Estuve esperando este día con ansias. Conté los últimos minutos para que comenzara este día... 11:57, 11:58... 00:00 Comencé a orar para mis adentros y no podía disimular mi profundo amor, cariño, gratitud, porque, a fin de cuentas, eso siento, gratitud. Es gratificante ver cómo Dios se preocupa por nosotros. Él hace todo lo que esté a su alcance para que nosotros, sus hijos, estemos bien. Hoy quiero hablar sobre el amor, la renuncia y el sacrificio...
Amor
Si uno no siente amor por Dios, nada de lo que se hable, se piense y haga, sirve. Podría decirse que el principio de todo, el punto de unión, es el amor. En la gente, amor por la iglesia; en los obreros, amor por el pueblo; en los pastores, amor por la obra... y todo es un mismo amor: amor por Dios. Pero si no amamos a aquellos a quienes vemos, no podremos amar a Dios, así que, primero empezar amando a los visibles, para así amar a nuestro rey invisible.
Una vez que se lo ama, es difícil explicar cómo se lo ama, es casi imposible.
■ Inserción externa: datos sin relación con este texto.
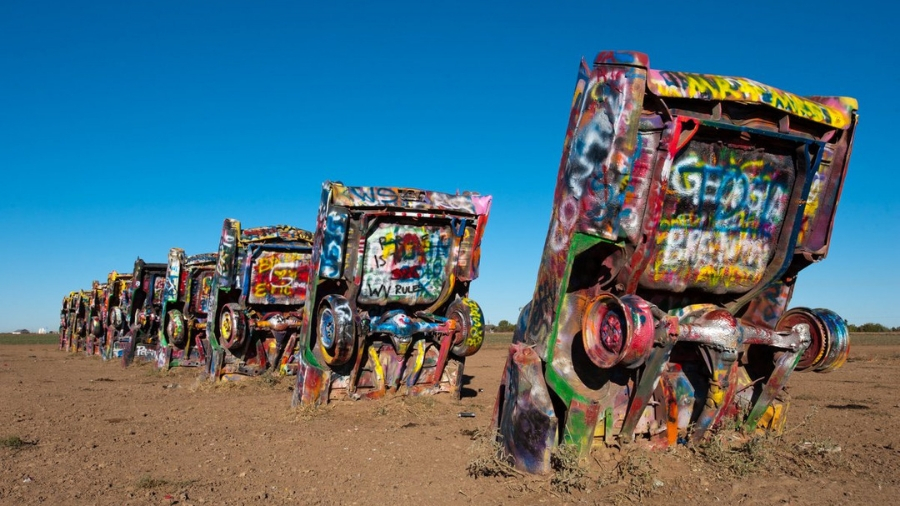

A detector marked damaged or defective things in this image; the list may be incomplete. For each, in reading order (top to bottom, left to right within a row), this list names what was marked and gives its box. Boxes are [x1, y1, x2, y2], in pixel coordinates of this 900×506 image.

exposed car wheel [316, 294, 356, 366]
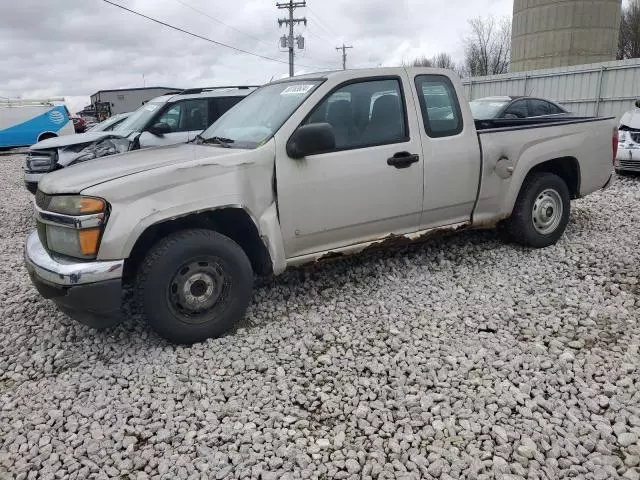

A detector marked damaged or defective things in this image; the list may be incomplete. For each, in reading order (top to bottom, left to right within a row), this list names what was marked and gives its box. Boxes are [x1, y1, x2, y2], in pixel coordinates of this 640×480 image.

Es sentir que uno se vuelve loco lejos de Él, que uno teme a cada instante si hace las cosas erradas, que uno quiere que todos lo conozcan y amen. El amor de Dios es diferente al amor humano, y es ese amor el que pasamos a sentir cuando somos bautizados por el Espíritu Santo.
Renuncia
No podemos amar a Dios y pretender vivir en el mundo como si fuera nuestro único lugar de hábito. Para nada. Una vez que amamos a Dios, desechamos al mundo y, por consecuencia, el mundo intentará recuperarnos, es en ese instante que nosotros firmamos la renuncia a nuestro yo verdadero.
No podemos servir al mundo y a Dios: o Dios o el mundo. Ambas cosas no se permiten, es como el agua y el aceite, lo liso y lo rugoso. Si hay amor, hay renuncia. Solo un amor verdadero nos da la fuerza y el vigor para renunciar de verdad y como es debido para unirnos a Jesús. Y es esta la renuncia que efectuamos cuando aceptamos de Dios una unión eterna.
Sacrificio
Es decir para siempre. Sacrificio es renuncia, es amor, es la prueba perfecta que dice "¡Acá estoy Dios! ¡Soy tuyo!" La vida con Dios es todo eso: amor, renuncia y sacrificio. Duele y tironea, nuestra carne lo siente, pero nuestro espíritu suplica que continuemos, que no nos detengamos, es ese el tironeo. Nuestra carne suplica parar, ya que le duele, y nuestro espíritu suplica seguir, ya que lo necesita.
Dios nos trae luchas y nos pregunta si queremos pelear, es nuestra elección ir o no ir. Claro que el verdadero hijo de Dios gritará que sí y asistirá a cada una sin poner excusas. A su carne le dolerá, pero su espíritu estará gozoso.
Era esolo que quería decir hoy. Amor, Renuncia, Sacrificio... eso es un nacido de Dios, un bautizado con el Espíritu Santo. Bendiciones.